• [TASK BRIEF]
Once the line with "Crea videos cinematográficos" is found in the entries below, print it and each following line exactly, stopping after the line with "vib777 Baccarat ကစားနည်းအဆင့်များ"; print nothing else.

• [GIVEN RECORDS]
------------------------

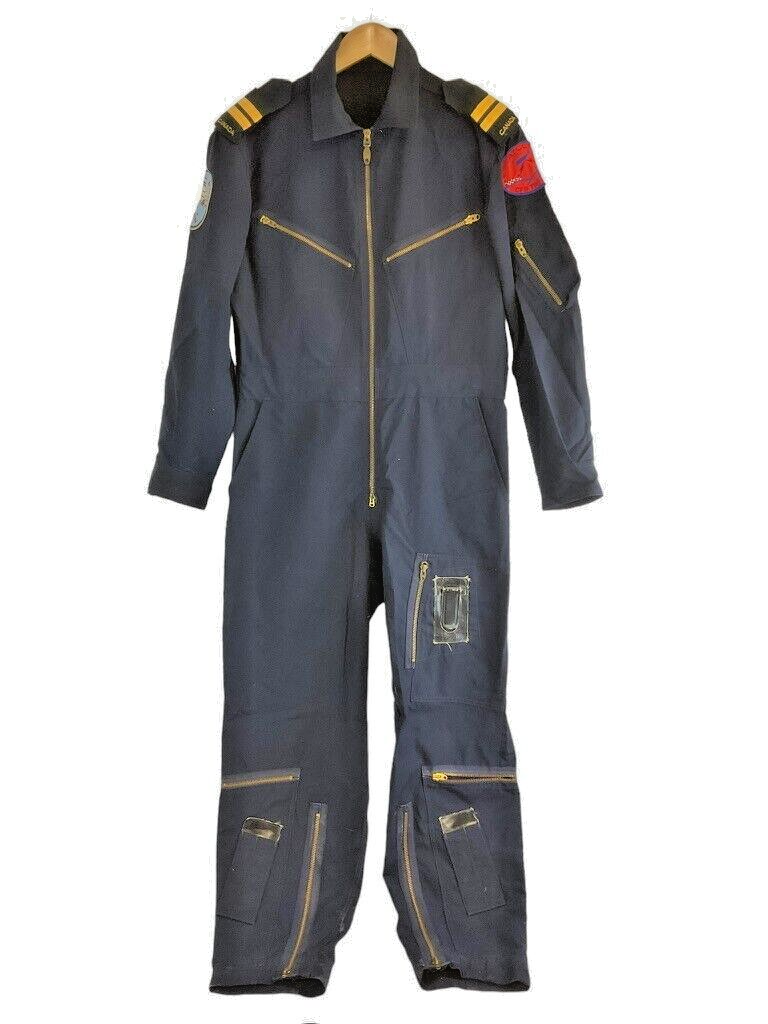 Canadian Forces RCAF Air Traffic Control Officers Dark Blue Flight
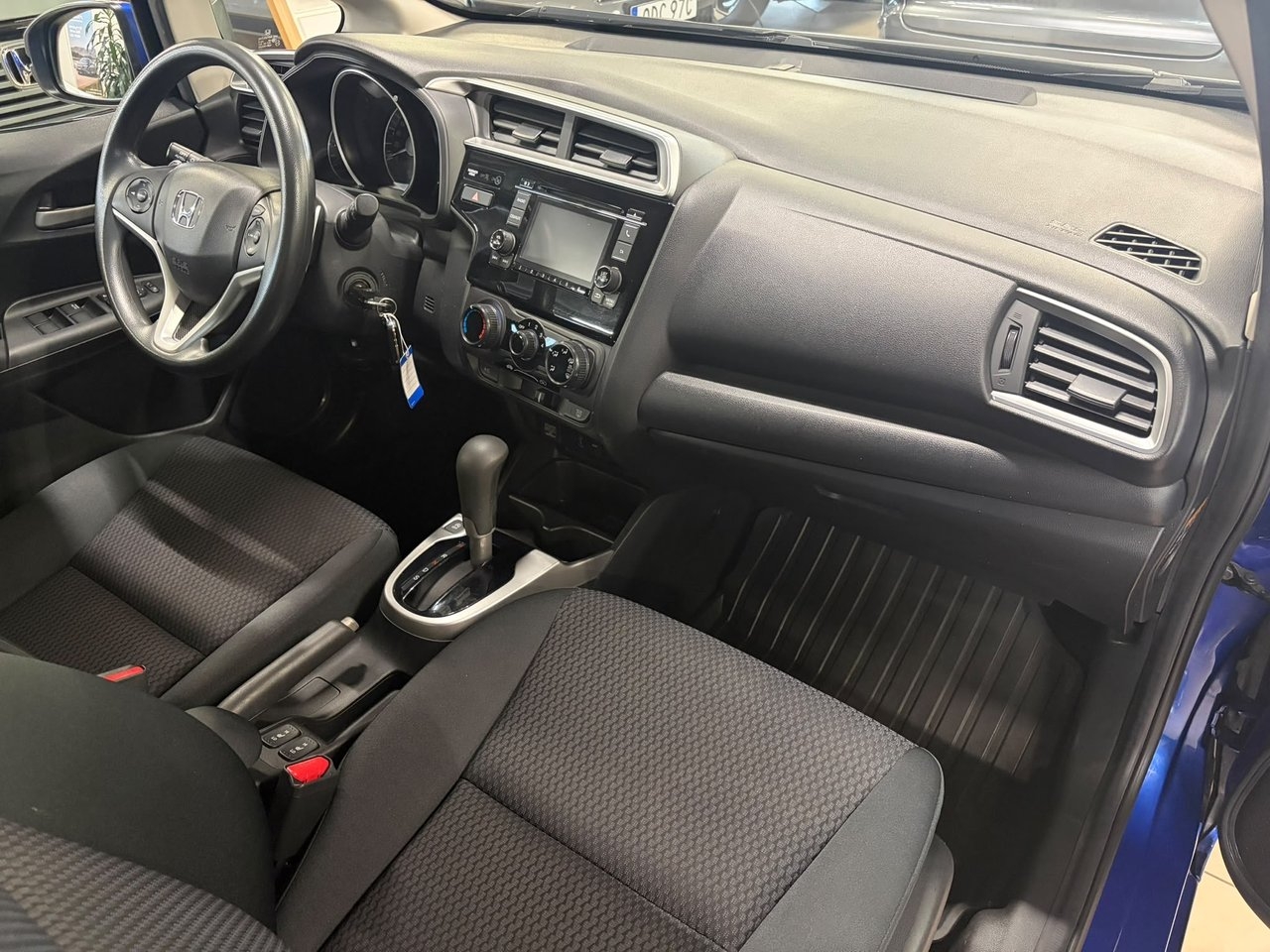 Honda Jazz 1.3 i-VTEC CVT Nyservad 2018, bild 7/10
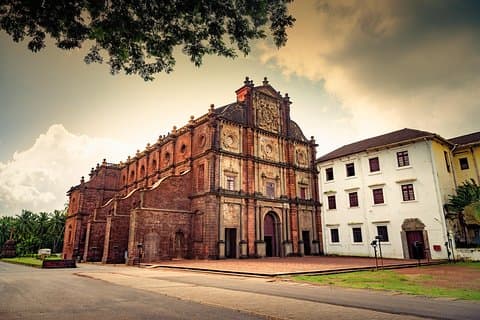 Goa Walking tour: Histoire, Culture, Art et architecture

------------------------

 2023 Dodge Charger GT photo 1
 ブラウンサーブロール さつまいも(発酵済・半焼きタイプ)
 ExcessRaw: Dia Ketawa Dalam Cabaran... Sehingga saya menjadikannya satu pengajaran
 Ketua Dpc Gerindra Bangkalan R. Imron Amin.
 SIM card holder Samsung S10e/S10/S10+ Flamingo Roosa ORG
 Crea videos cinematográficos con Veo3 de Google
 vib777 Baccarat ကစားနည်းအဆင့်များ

------------------------

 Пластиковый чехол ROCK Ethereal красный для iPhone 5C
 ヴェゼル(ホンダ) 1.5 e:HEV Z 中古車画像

------------------------

• [SOLVED PROBLEM]
 Crea videos cinematográficos con Veo3 de Google
 vib777 Baccarat ကစားနည်းအဆင့်များ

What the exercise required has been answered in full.